Peter Bradshaw 

The Return review – Juliette Binoche and Ralph Fiennes bring fierce class to elemental Odyssey adaptation

Uberto Pasolini’s raw and urgent drama, from a draft by Edward Bond, sees a traumatised Odysseus face the shameful aftermath of war
  
  

Back from the dead … Ralph Fiennes in The Return.
Back from the dead … Ralph Fiennes in The Return. Photograph: Landmark Media/Alamy

The film world is on tenterhooks for Christopher Nolan’s forthcoming Imax-epic treatment of Homer’s Odyssey, but Uberto Pasolini’s fierce, raw drama of the poem’s final sections, describing Odysseus’s traumatised return to Ithaca after the sack of Troy, may well give Nolan something to live up to. Pasolini collaborated on the script with screenwriter John Collee, evidently developed from a draft playwright Edward Bond wrote in the 90s; among other things, this film deserves attention as the final work from Bond (who died in 2024).

The Return is an elementally violent movie about PTSD, survivor guilt, abandonment, Freudian dysfunction and ruined masculinity. Juliette Binoche is the deserted queen Penelope, enigmatically reserving her opinions and dignity, refusing to believe the absent king is dead and declining to remarry as the island descends into lawlessness without a clear successor.
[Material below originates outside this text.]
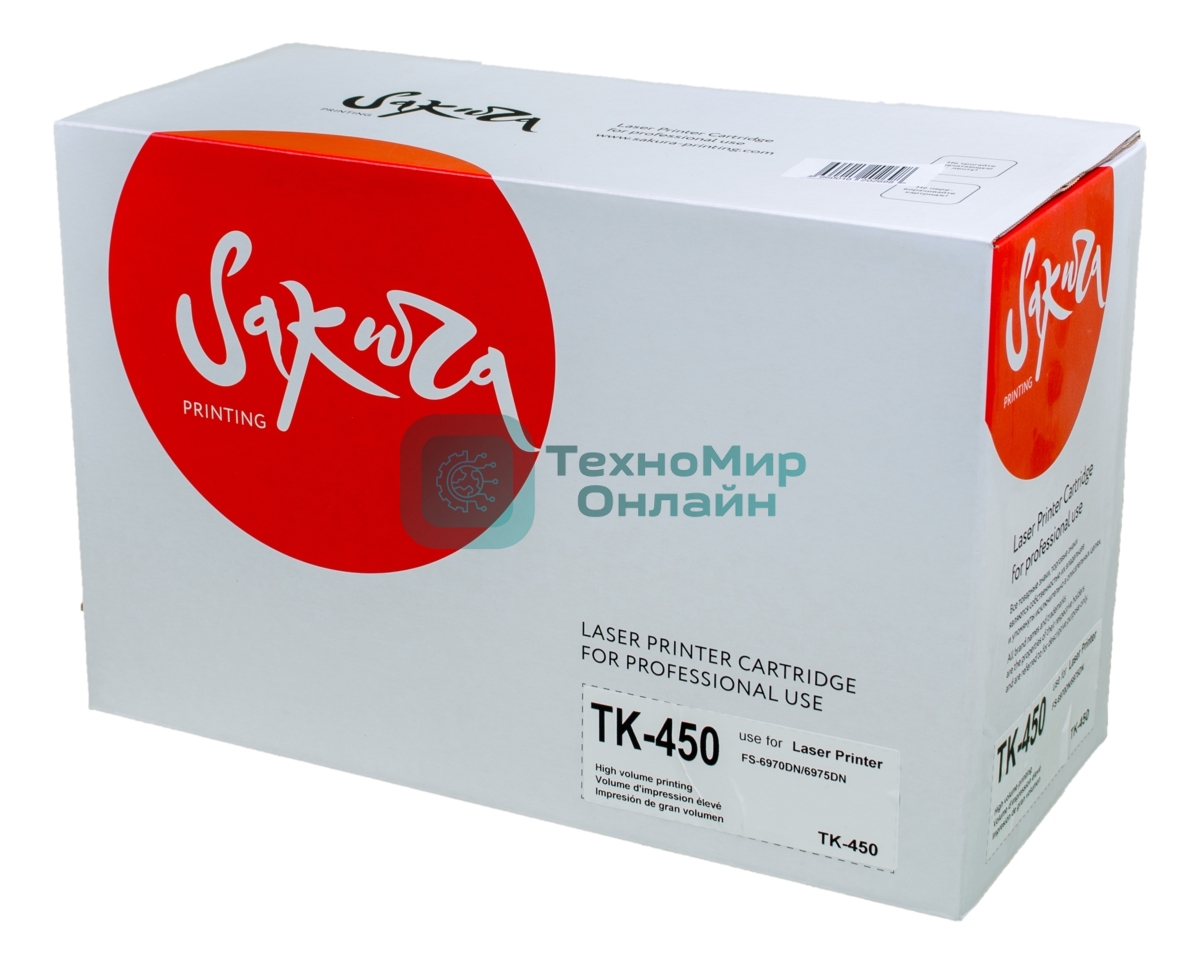 Картридж лазерный Sakura TK450 для Kyocera Mita FS-6970DN/6975DN, черный, 15000 к.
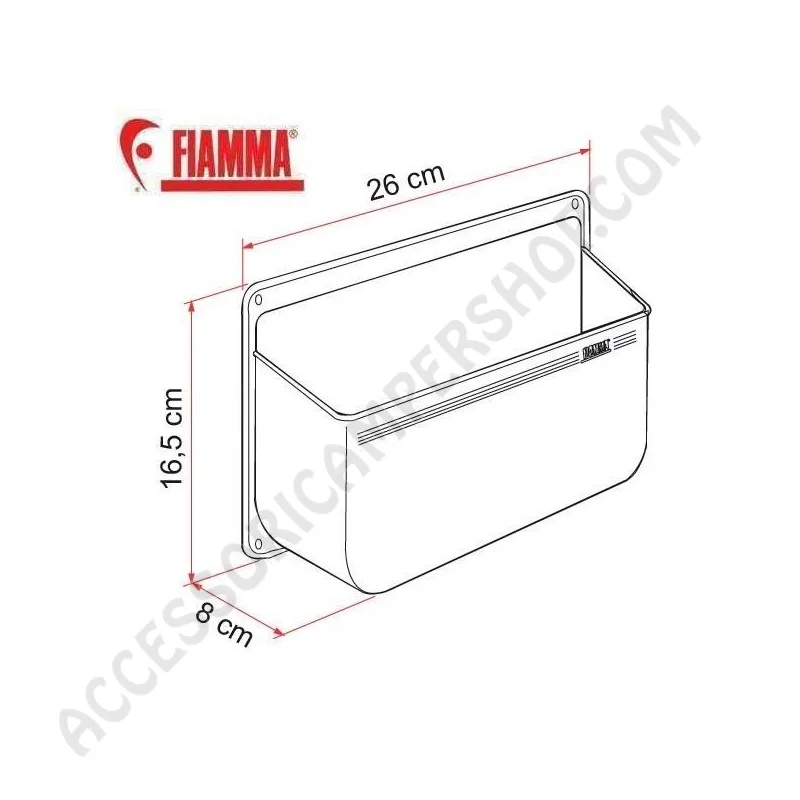 Tasca Multiuso Pocket L White Fiamma | Accessoricampershop.com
Ralph Fiennes is Odysseus, enigmatically washed ashore semi-conscious in a way we associate in fact with late Shakespeare rather than Homer; he is reluctant to reveal himself, maybe through shame at having not returned before, at returning now in chaotic poverty and isolation and overwhelmed with his secret knowledge that the glories of war are a shameful delusion.

Burdened with this terrible conviction, Odysseus infiltrates the squalid court in the Christ-like imposture of a tramp, though he has a pretty buff physique like a sunburnt, weather-beaten version of Leonardo’s Vitruvian man. Charlie Plummer is Odysseus’s angry and conflicted son Telemachus and Marwan Kenzari is Penelope’s suitor Antinous. The movie is interestingly like one of the classical adaptations by Pasolini’s un-related namesake Pier Paolo Pasolini (he is in fact the nephew of Luchino Visconti), a film like Pasolini’s Medea or Oedipus; often, interestingly, it has the crowd-pleasing energy of Ridley Scott’s Gladiator films. There is real sinew here.

• The Return is in UK and Irish cinemas from 11 April, and in Australian cinemas now.